- _What you have to do_:
Retype the lines of the material below, exactly and only, from the one containing "Ovarian cancer Medical" through the last line, with pictures left out.

- _Data for review_:

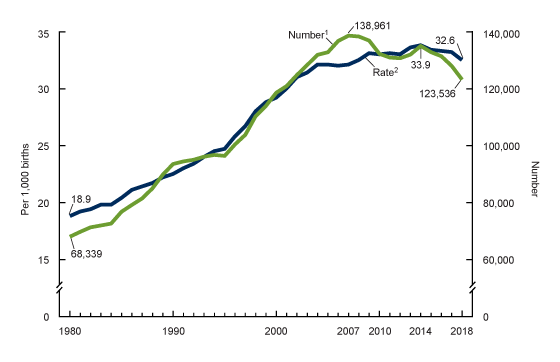 United States Birth Rate Chart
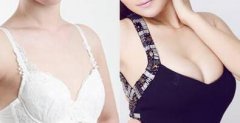 妙桃假体丰胸怎么样？妙桃假体丰胸多少钱？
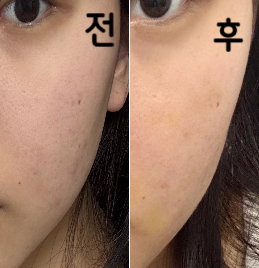 1회 받았을 때부터 효과 봐서 꾸준히 맞을 생각이에요~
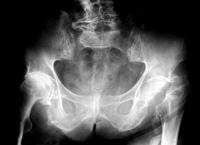 运动康复师教看核磁,运动康复脊骨梳理训练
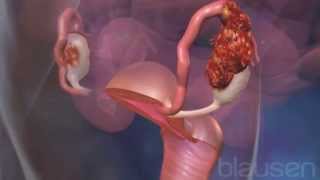 Ovarian cancer Medical animation [upl. by Shepard]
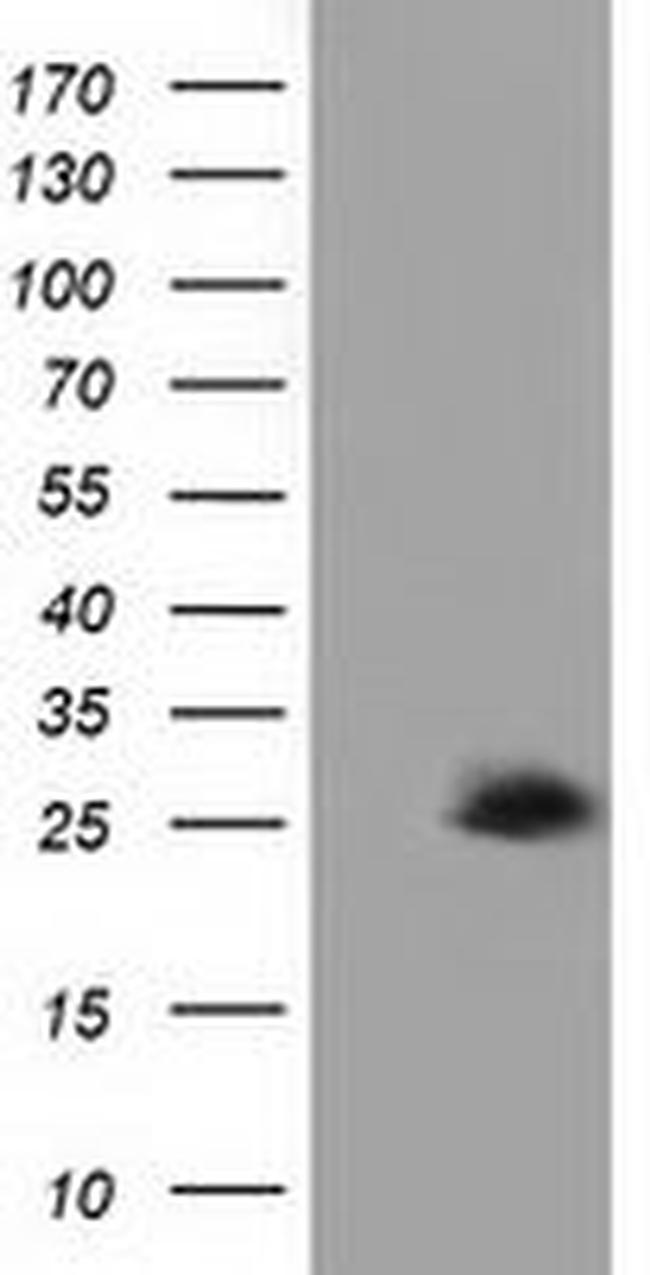 AK3 Antibody in Western Blot (WB)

- _Solution_:
 Ovarian cancer Medical animation [upl. by Shepard]
 AK3 Antibody in Western Blot (WB)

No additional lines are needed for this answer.